According to Fortune, Nitin Tandon, the global chief information officer of investment giant Vanguard, is making aggressive AI bets to address a core imbalance: the firm’s 20,000 employees serve a staggering 50 million clients. With nearly $12 trillion in assets under management, Vanguard is piloting an AI chatbot for client questions and has rolled out generative AI tools like Microsoft Copilot to every employee, achieving a 97% adoption rate. Tandon’s focus areas include creating a future “digital advisor” voicebot, improving fraud detection, and boosting productivity for financial advisors, sales assistants, and developers. He reports that 50% of employees use AI daily, and he measures productivity gains through A/B testing, though he admits harvesting the full quantifiable value “will take a bit longer.” This push follows a major tech overhaul he led, which is 86% complete and included migrating to the public cloud. Separately, Vanguard has invested in AI startups like compliance-focused Norm Ai and generative AI platform Writer.
The classic scale problem
Here’s the thing about Vanguard’s situation: it’s the perfect business case for AI. You have a massive, captive audience that needs personalized attention, but the human labor model simply doesn’t scale. Tandon’s vision of an Alexa-like portfolio advisor isn’t sci-fi; it’s a logical endpoint. The real insight, though, is his pragmatic, two-tiered approach. First, deploy AI internally to make your existing 20,000 people vastly more efficient (hence the 97% adoption). Then, use that learned efficiency to build external-facing products. It’s a smart way to de-risk the tech. You work out the hallucinations and guardrails with employees before you let it loose on clients asking for financial advice. That’s a lesson a lot of companies rushing to public AI chatbots could learn from.
The eternal ROI question
But Tandon nails the central tension for every CIO right now. “The value is quantifiable… Can I harvest that value? Not so much.” That’s the quote that should be on a poster in every C-suite. You can see the productivity spike in an A/B test—a marketer drafts faster, a developer codes more lines. But translating that into hard dollars on the balance sheet, or freeing up FTE budget? That’s messy. His north star—better client outcomes—is right, but it’s a lagging indicator. It feels like we’re in a massive, industry-wide experiment where the spend is clear and upfront, but the payoff is diffuse and long-term. The fact that he consolidated 10 disparate data teams into one before this AI push is telling. You can’t measure the value of your AI if you can’t even measure the value of your data.

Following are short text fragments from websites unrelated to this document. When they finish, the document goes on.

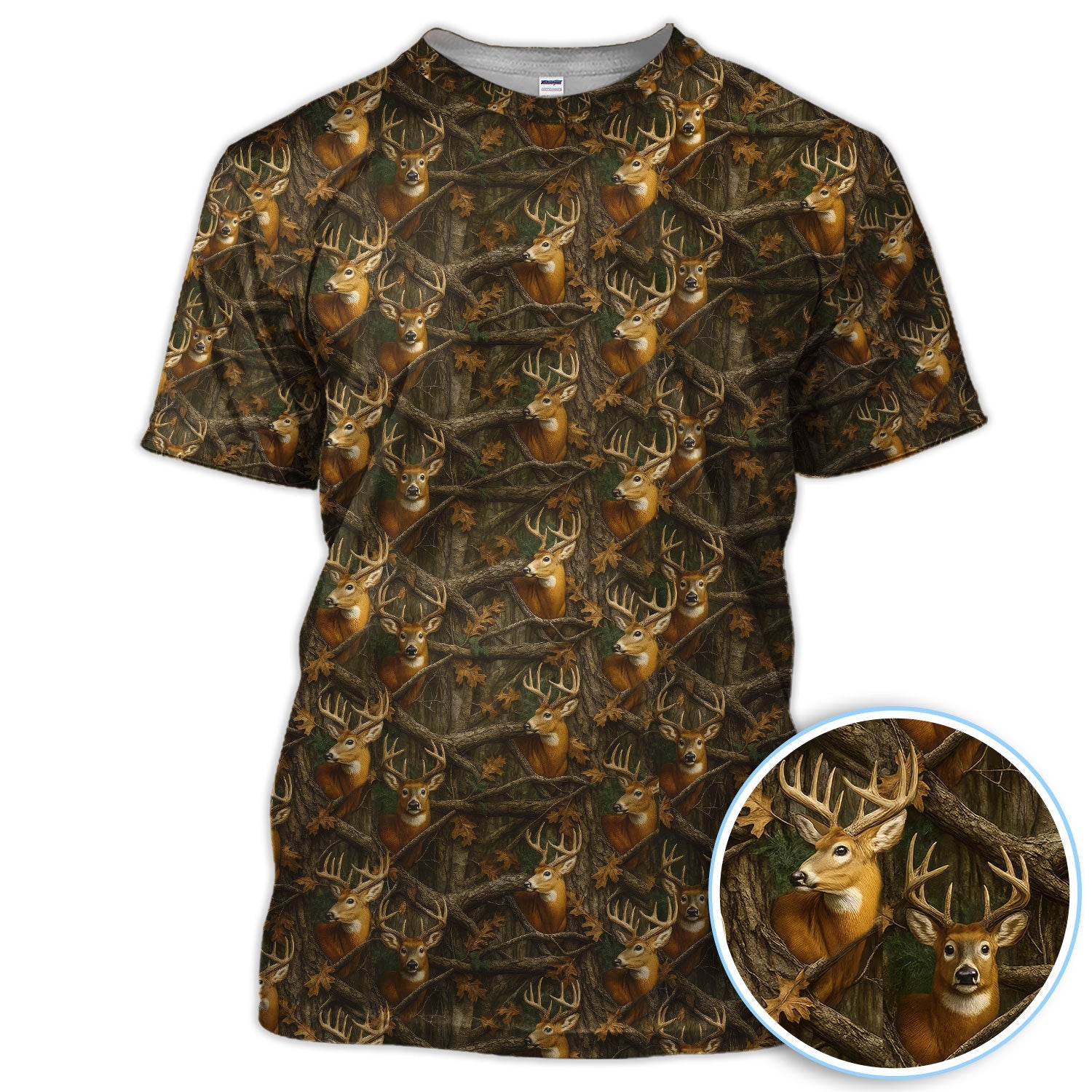 Deer Pattern Polos For Golfer, Realistic Camo Shirt, Crazy Golf Shirt For Men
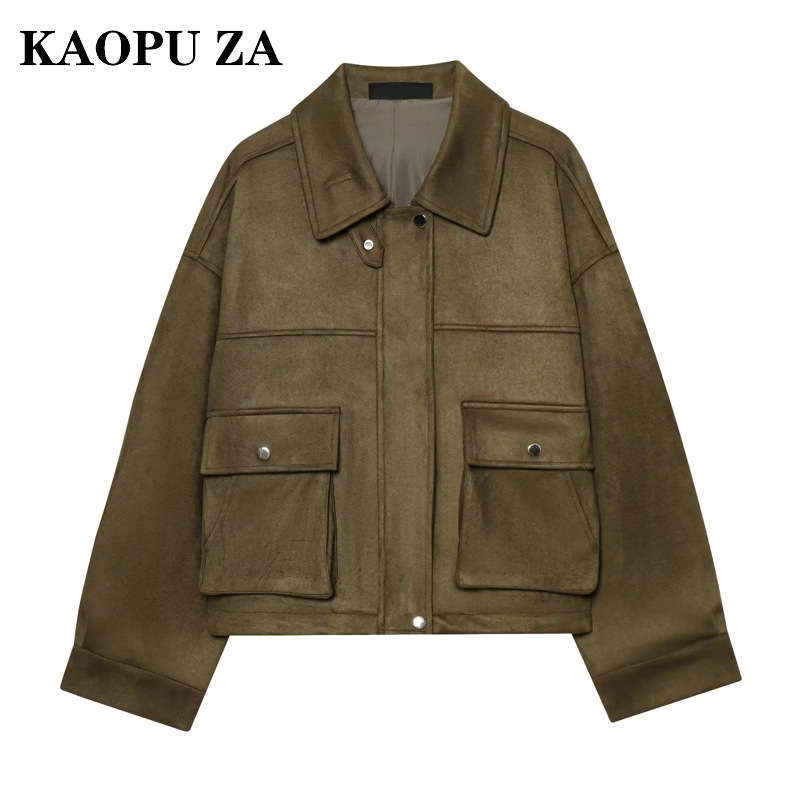 Kaopu Za Cross-Border European and American Clothing Aliexpress Popular Fashion Leather Bomber Jacket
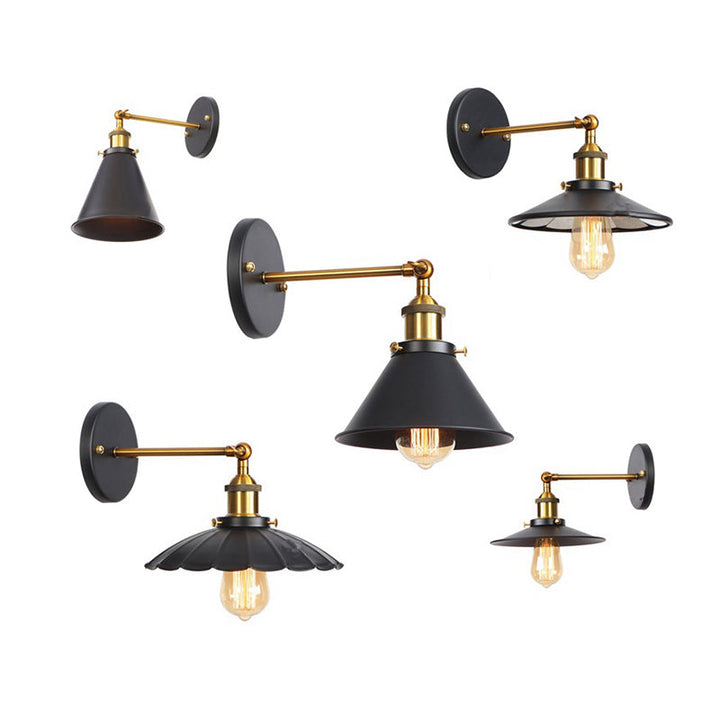 Lisslune | Metal straight arm wall lighting fixture factory 1 bulb dining room wall lamp in black and brass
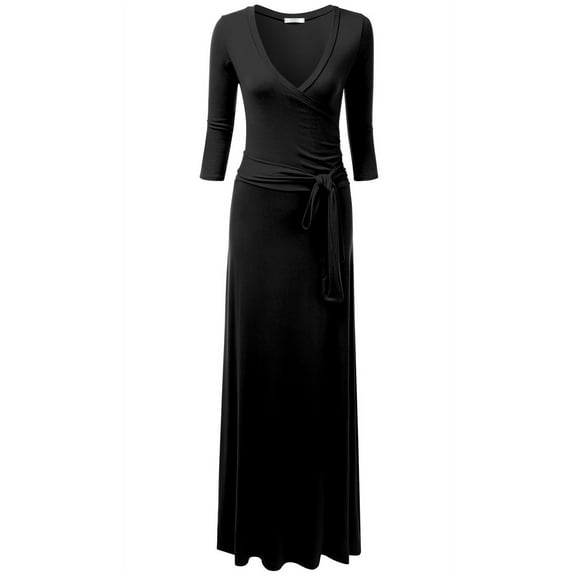 Doublju Women's 3/4 Sleeve Wrap Front Maxi Dress with Tie Waist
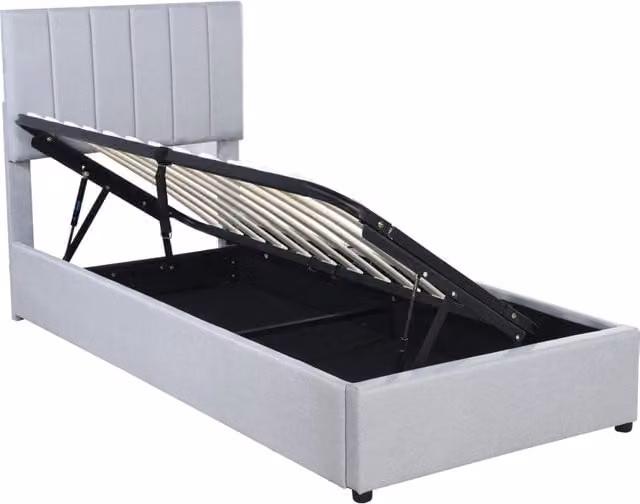 Letto per bambini imbottito 90x200 cm con contenitore idraulico in lino; grigio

The broader tech landscape
This all plays out against the wild backdrop Fortune mentions. OpenAI reportedly seeking a valuation near $800 billion? That’s a staggering number that makes the entire “how do we pay for this compute?” question even more urgent. If the foundational model companies are that expensive, the cost of using their tech will filter down to enterprises like Vanguard. And with New York signing AI regulation that was notably weakened by tech lobbyists, the compliance landscape Tandon has to navigate is being drawn in real-time. His investment in Norm Ai looks prescient in that light. It’s not just about building cool tools; it’s about building and using them within a legal framework that’s still being written.
The human empowerment angle
I think the most compelling part of Tandon’s strategy is his focus on diffusion, not diktat. “Empower people with the right tools and the right training… then they can reimagine their journeys.” That’s the only way this works at scale. You can’t centrally plan every AI use case. You have to let the financial advisors, the sales assistants, the developers—the people who feel the daily friction—figure out how to apply it. That’s how you get beyond simple task automation to actual process transformation. The risk, of course, is chaos and shadow IT. But with a centralized data team and clear guardrails, especially for a regulated entity like Vanguard, it’s a calculated risk worth taking. The alternative is a top-down, clunky AI implementation that nobody uses. And we’ve all seen how well those turn out.